Abstract

A potent immunosuppressive factor (SUF) is found in the supernatant of short-term cultures of unstimulated thymocytes or spleen cells of neonatal mice and rats and in culture medium of hybridoma cell lines established by fusing neonatal mouse spleen cells with T lymphoma cells (the BW 5147 line). In vitro incubation of spleen cells with SUF suppresses the acute in vivo graft-vs.-host disease, normally induced by allogeneic spleen cells in lethally irradiated mice. Incubation of bone marrow cells with SUF does not affect the hemopoietic stem cells. The addition of SUF to mixed lymphocyte reaction cultures strongly suppresses lymphocyte proliferation. The non-species-restricted inhibition of cell proliferation induced by SUF is shown not to be due to toxicity or nonspecific interference with DNA synthesis.

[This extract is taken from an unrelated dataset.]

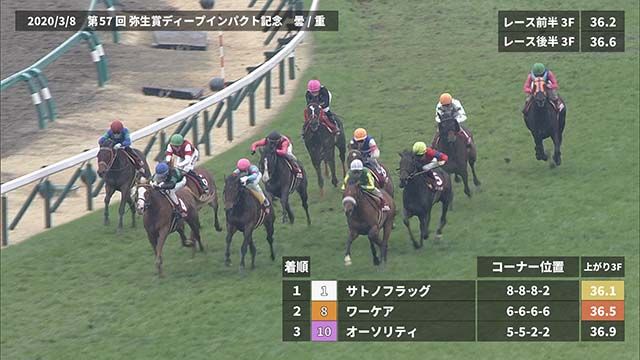 ���ͥ졼������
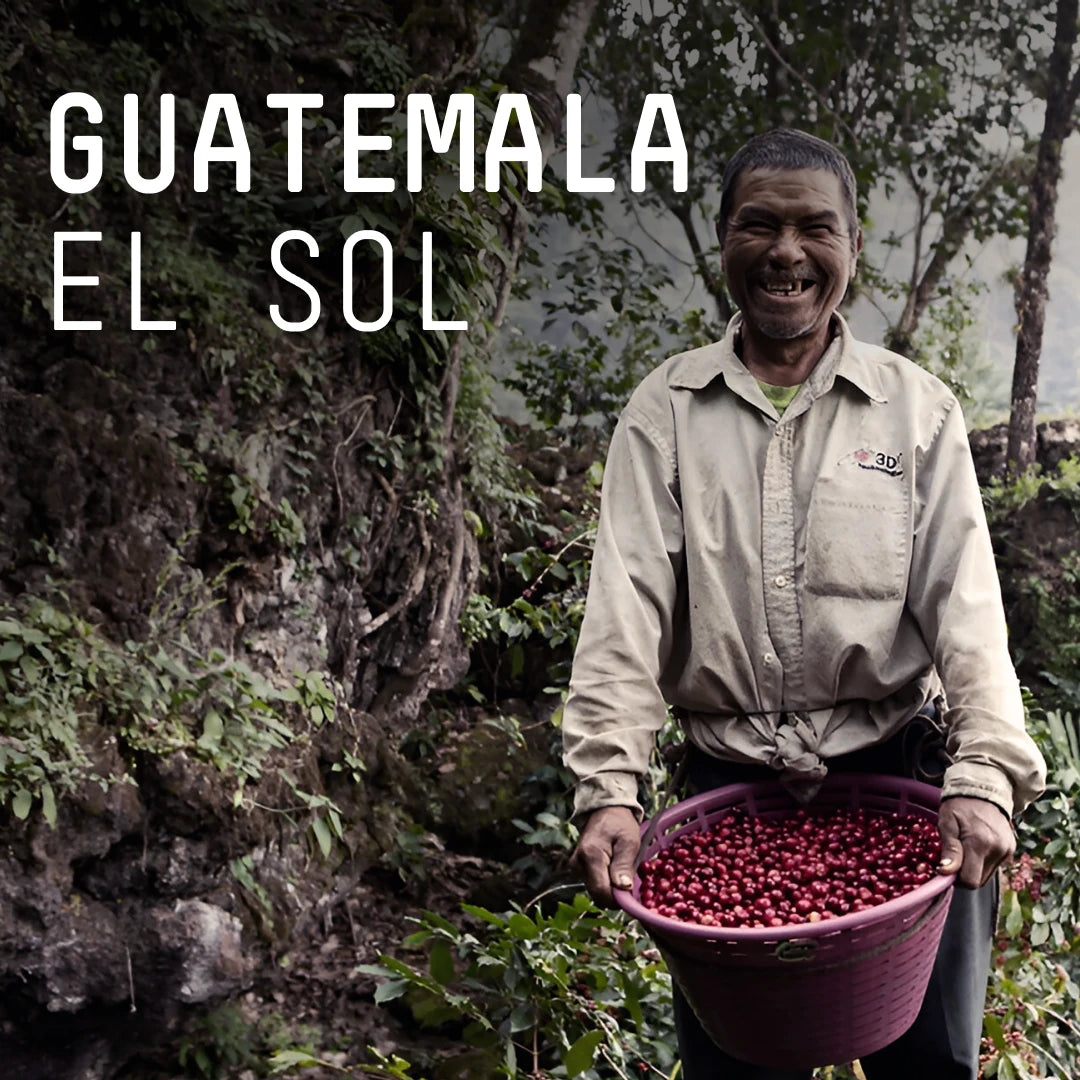 Guatemala, El Sol  - Single Origin Espresso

Molecular size fractionation of crude SUF revealed two active moieties: a large moiety of molecular mass greater than 100 kDa and a small moiety of less than 3 kDa. The high kDa moiety mediates T cell unresponsiveness both in vivo and in vitro. In vitro studies revealed that this moiety primarily affects an early event in the proliferative response to alloantigen and mitogen, that prevents interleukin 2 (IL 2) receptor expression and, consequently, blastogenesis and DNA duplication. It does not affect, however, the synthesis of IL 2. The suppressive activity of the low kDa moiety can be demonstrated only in in vitro systems. Pre-treatment of donor lymphocytes with this fraction cannot prevent graft-vs.-host disease mortality. The inhibition of cell proliferation induced by this fraction in vitro is most likely due to interference with the utilization of IL 2, as suggested by its suppressive effect on the proliferation of CTLL-2 cells (an IL 2-dependent cell line).